Born in New Britain, Connecticut, Charles Hamilton's (1885-1914) first experience with flight is when as a teenager he jumped out of the second story window of his school building holding an umbrella. Hamilton took up hot air ballooning and parachute jumping at circuses and fairs at the age of 18. In 1906 Hamilton teamed up with Roy Knabenshue and began piloting dirigibles. In 1909 he toured Japan with a dirigible and in the same year became an exhibition pilot for Glenn Curtiss aeroplanes.
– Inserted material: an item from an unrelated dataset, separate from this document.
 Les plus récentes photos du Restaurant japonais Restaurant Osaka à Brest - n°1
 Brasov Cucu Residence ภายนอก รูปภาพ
In 1910 Hamilton participated in the Los Angeles Air Meet in January, won a prize of $10,000 for flying from New York City to Philadelphia in June, and in October flew at the New York International Air Meet. 1911 found Hamilton flying with Moisant's International Aviators who were a group of aviators who toured the United States performing daredevil/barnstorming flights. During one of his performances with this group in El Paso, Texas, he used his plane to observe troop engagements over Cuidad Juarez, Mexico, between Mexican Government troops and rebels. This is one of the earliest recorded uses of a plane for military purposes.
Hamilton suffered from tuberculosis and died from a lung hemorrhage in 1914. He was known as a true daredevil pilot. He would fly anything anywhere and because of this he was involved in many crashes. At the time of his death Hamilton was reported to have had two replaced ribs and metal plates in both his shin bone and skull.